Article 234. A l'article 7 de la même loi, les modifications suivantes sont apportées :

1° les mots "commissionnés à cette fin par le ministre compétent" sont remplacés par les mots "de l'Administration générale de la Trésorerie du Service public fédéral finances" ;

2° les mots "aux dispositions prises en vertu de la présente loi" sont remplacés par les mots "visées à l'article 6"."

TITRE VIII. - MISE EN OEUVRE DES MESURES DE GEL ADOPTEES PAR LE CONSEIL DE SECURITE DES NATIONS UNIES

Article 235. Pour l'application du présent titre, on entend par :

1° "Comité des sanctions" : comité mis en place par une résolution du Conseil de sécurité des Nations Unies et ayant pour mandat de veiller à la mise en oeuvre des mesures restrictives prévues par cette résolution ;

2° "Liste de sanctions" : liste reprenant les personnes physiques, personnes morales, entités ou organismes à l'égard desquels des mesures restrictives ont été prises par le Conseil de sécurité des Nations Unies ou le comité des sanctions compétent.

Article 236. § 1er. Les mesures de gel de fonds et de ressources économiques reprises dans les listes de sanctions adoptées ou actualisées par le Conseil de sécurité des Nations Unies ou les Comités des sanctions compétents, dans le cadre du Chapitre VII de la Charte des Nations Unies, sont mises en oeuvre à compter du moment où elles sont adoptées par le Conseil de sécurité des Nations Unies ou ces Comités des sanctions.

§ 2. Par voie électronique, ou en cas d'impossibilité, au moyen d'un courrier recommandé, l'Administration générale de la Trésorerie du Service public fédéral Finances informe l'intéressé qui a la nationalité belge ou qui est domicilié en Belgique, pour la partie qui le concerne, de ces mesures de gel.

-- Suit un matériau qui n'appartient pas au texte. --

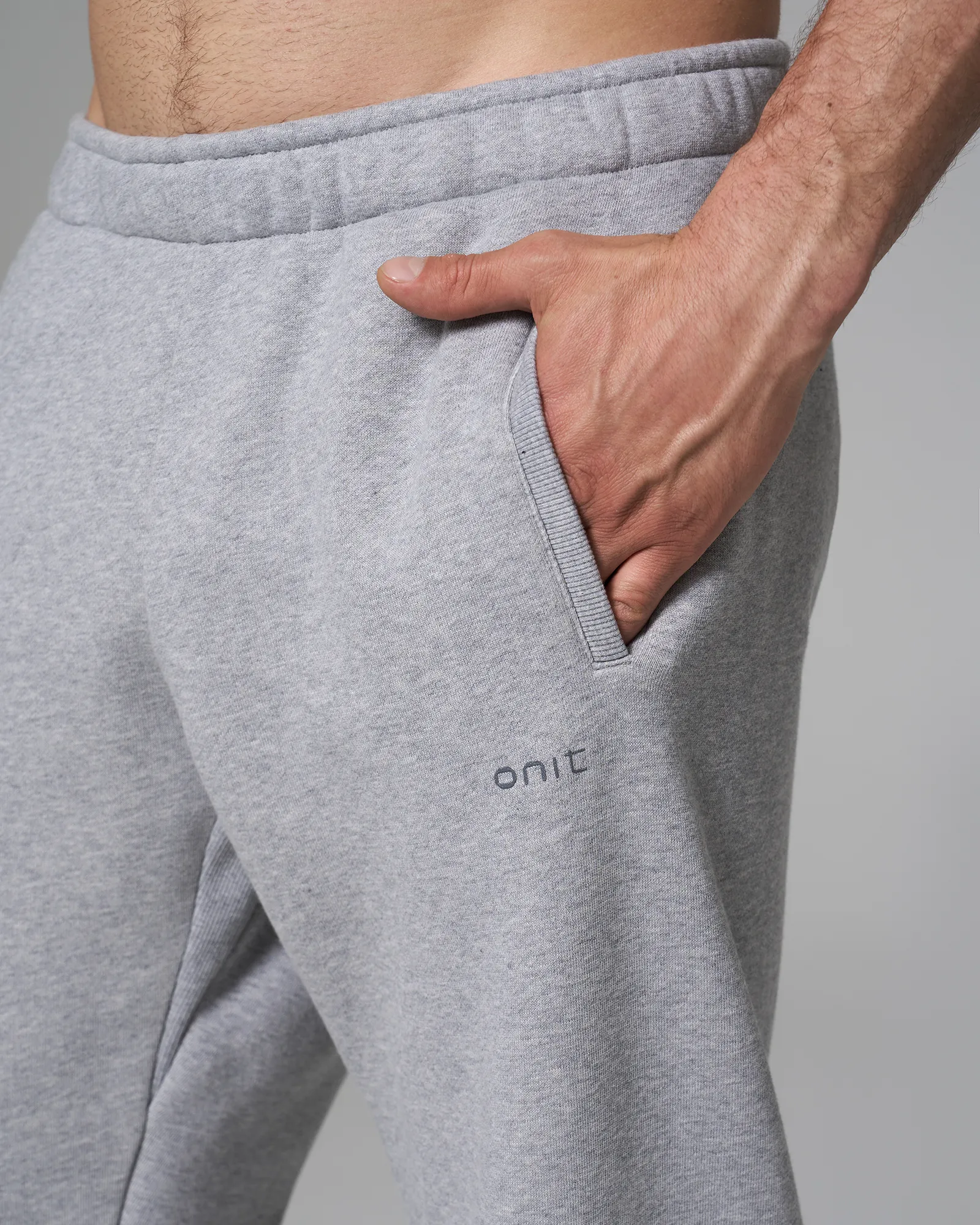 БРЮКИ "CORE" CUFF FLC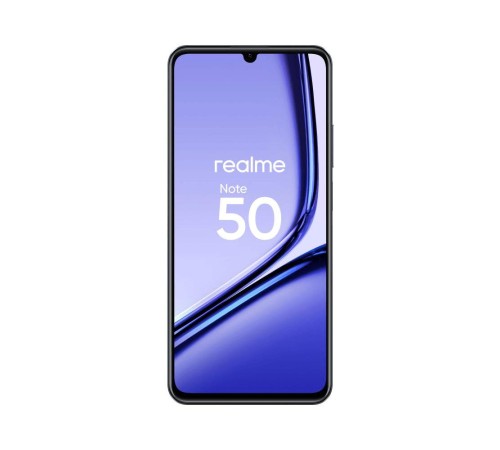 СМАРТФОН REALME RMX3834 (realme Note 50) 4+128 ГБ ЦВЕТ: ПОЛУНОЧНЫЙ ЧЕРНЫЙ (BLACK) СМАРТФОН REALME RMX3834 (realme Note 50) 4+128 ГБ ЦВЕТ: ПОЛУНОЧНЫЙ ЧЕРНЫЙ (BLACK)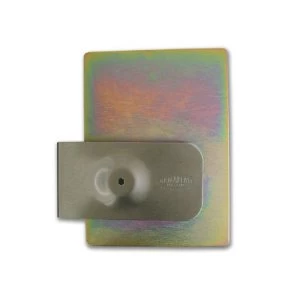 Image of Ford Connect ARMAPLATE Van Lock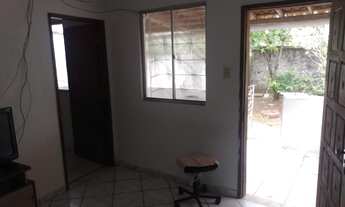 Imagem 4: Casa para aluguel em São Tomé de Paripe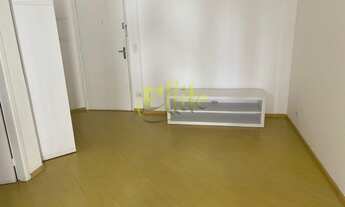 Imagem 3: Apartamento semi mobiliado com 01 dormitório para locação no bairro Moema, São Paulo!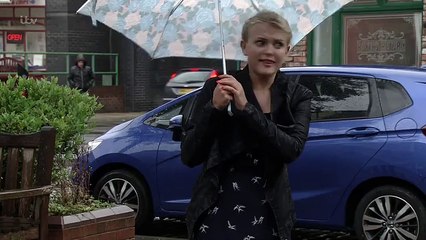 Coronation Street 27th September 2017 Part 1 (2)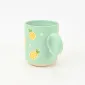 Sweet Orchard Mug-Pineapple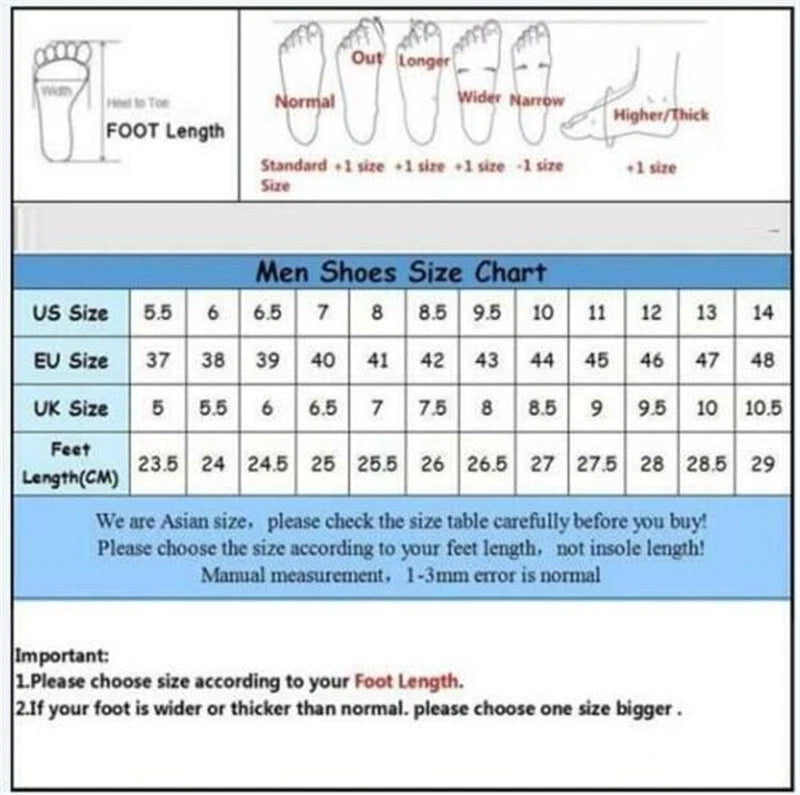 Men Summer Casual Sandals Outdoor Slippers Flip Flops Flats Comfort Beach Shoes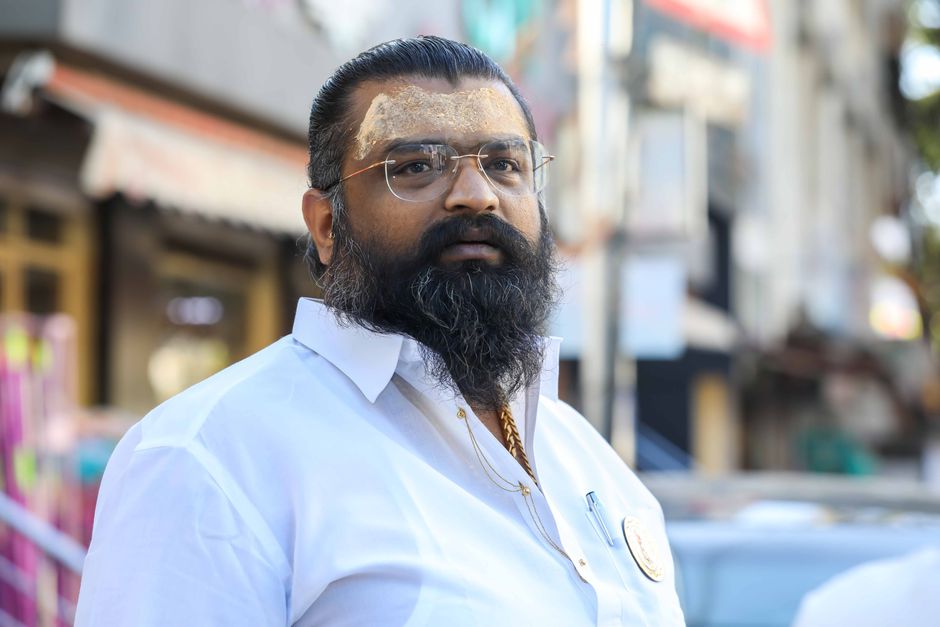AIMIM Corporator Arrested for Allegedly Sheltering Nida Khan in Conversion Case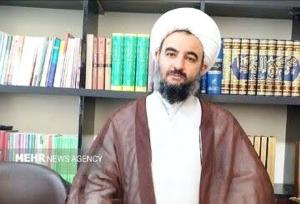 باقری بنابی: فاطمیه نماد پیوند امت با مسیر اهل‌بیت (ع) است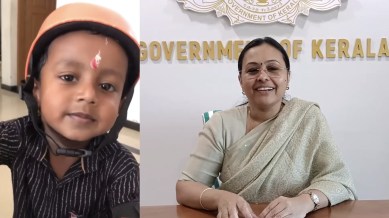 Child asks for biryani, chicken fry at anganwadis, Kerala minister says will consider revising menu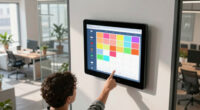 3 Best Room Booking Displays for Office Meeting Spaces in 2026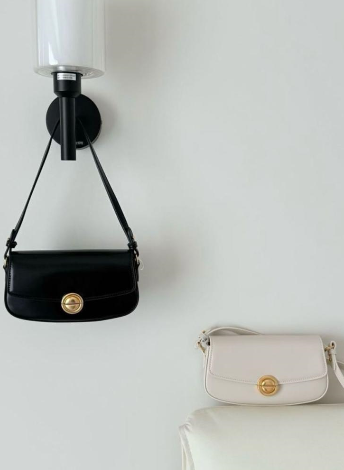 PRE-ORDER AW2025 Collection (BLACK)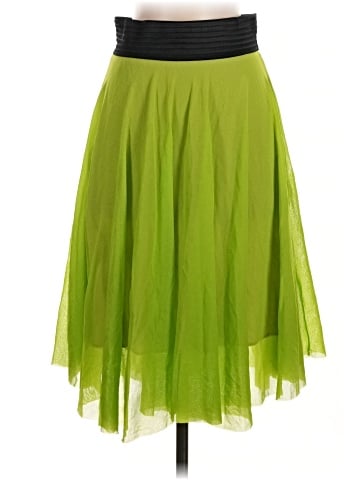Petit Pois Casual Skirt (view 1)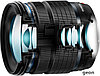 Объектив Olympus M.Zuiko Digital ED 12-45mm F4 PRO, фото 3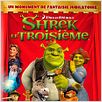 Shrek le troisième : affiche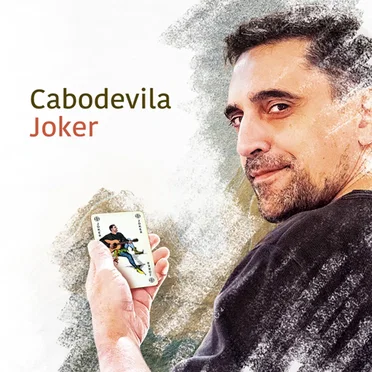 Joker by Cabodevila - album cover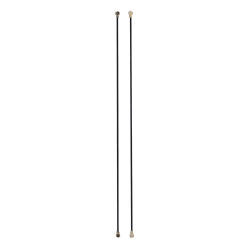 ESOURCE PARTS Replacement S4 Antenna Connecting Cable Compatible for Motorola Moto (11.031Cm)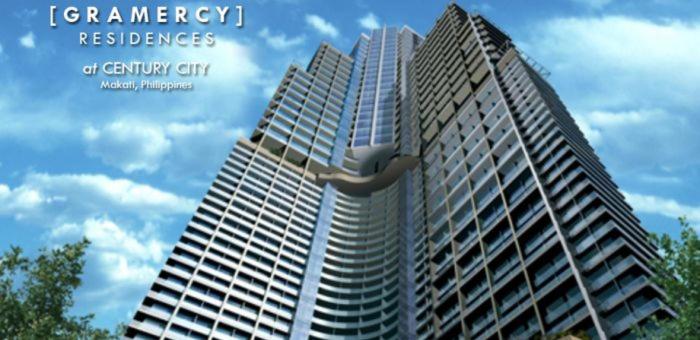The Gramercy Residences By Asg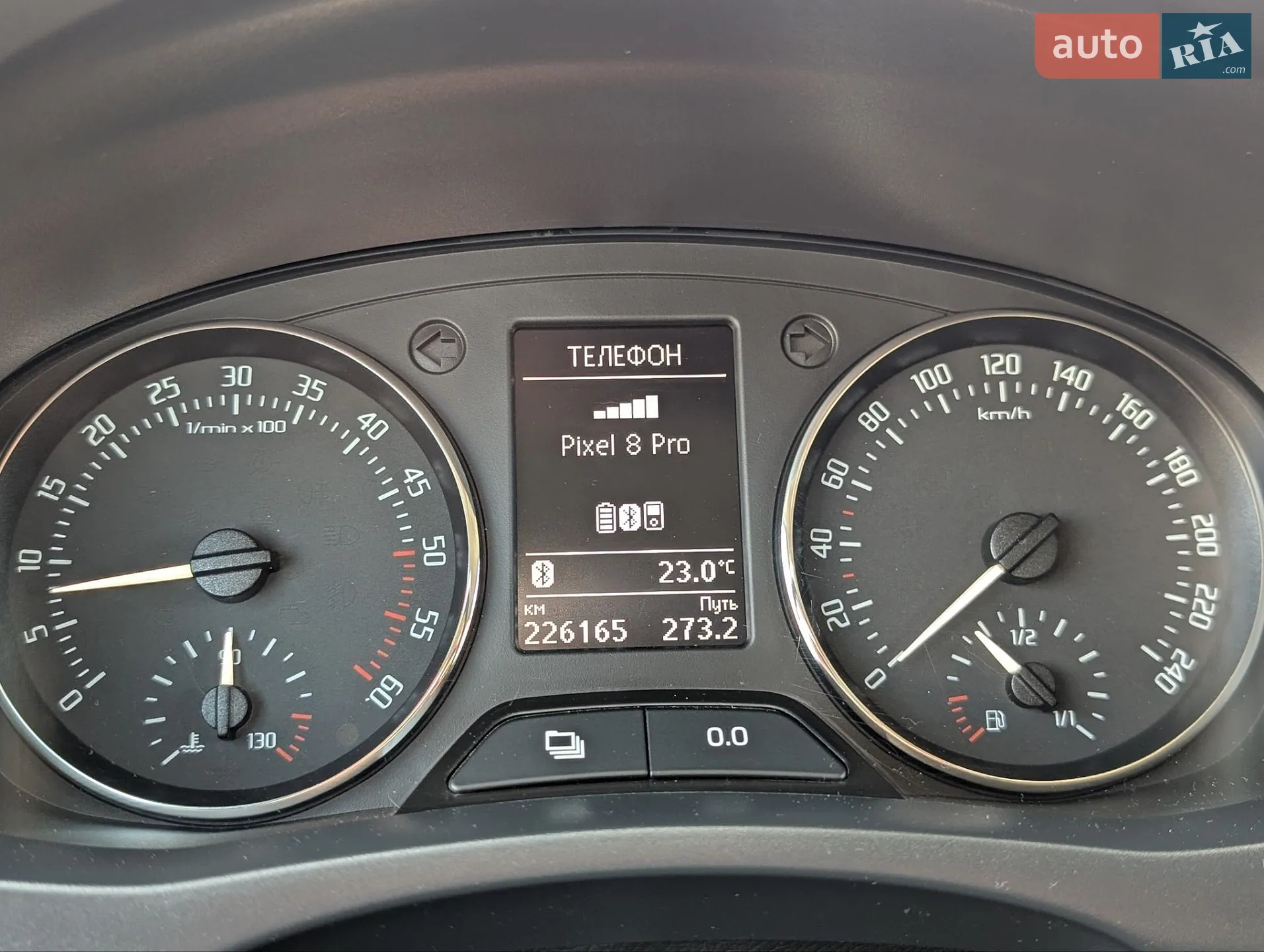 2014 Skoda Fabia - мініатюра 10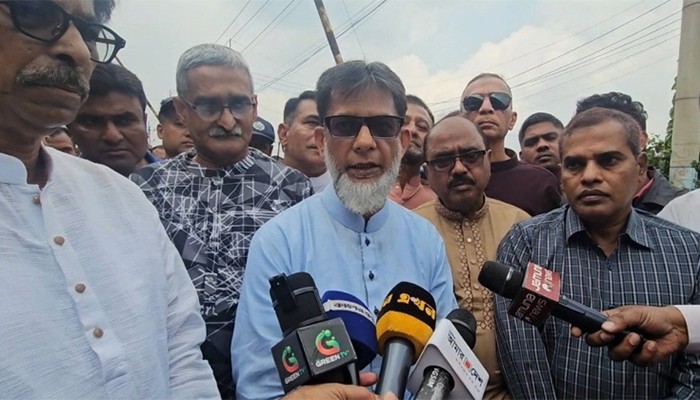 ​ট্রেন দুর্ঘটনায় নিহতদের পরিবার পাবে এক লাখ টাকা: রেল প্রতিমন্ত্রী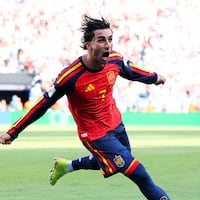 España es la nueva campeona del mundo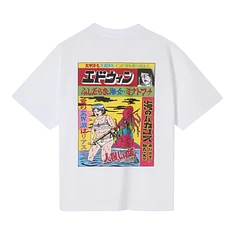 Edwin - Kouichi Matsuda T-Shirt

Article 237. Les infractions aux mesures de gel visées à l'article 236, § 1er, sont punies conformément à l'article 4 de la loi du 11 mai 1995 relative à la mise en oeuvre des décisions du Conseil de Sécurité de l'Organisation des Nations Unies... et recherchées et constatées conformément à son article 5.

Article 238. Les articles 1/1 et 1/2 de la loi du 11 mai 1995 relative à la mise en oeuvre des décisions du Conseil de Sécurité de l'Organisation des Nations Unies, insérés par la loi du 18 décembre 2015, sont abrogés.

Article 239. A l'article 3 de la même loi, modifié par la loi du 18 décembre 2015, sont apportées les modifications suivantes :

1° à l'alinéa 1er, les mots "et le ministre des Finances" sont abrogés ;

2° à l'alinéa 1er, le mot "prendront" est remplacé par le mot "prendra" ;

3° à l'alinéa 2, les mots "et le ministre des Finances" sont abrogés ;

4° à l'alinéa 2, le mot "notifient" est remplacé par le mot "notifie".

Article 240. Dans l'article 5 de la même loi, les mots "commissionnés à cette fin par le ministre compétent" sont remplacés par les mots "de l'Administration générale de la Trésorerie du Service public fédéral finances".

TITRE IX. (ANCIEN ART. VII). - ENTREE EN VIGUEUR

Article 241. Les dispositions de la présente loi entrent en vigueur conformément au droit commun, à l'exception de ce qui est prévu à l'article 22, et à l'exception du titre IV qui entre en vigueur le 1er janvier 2020.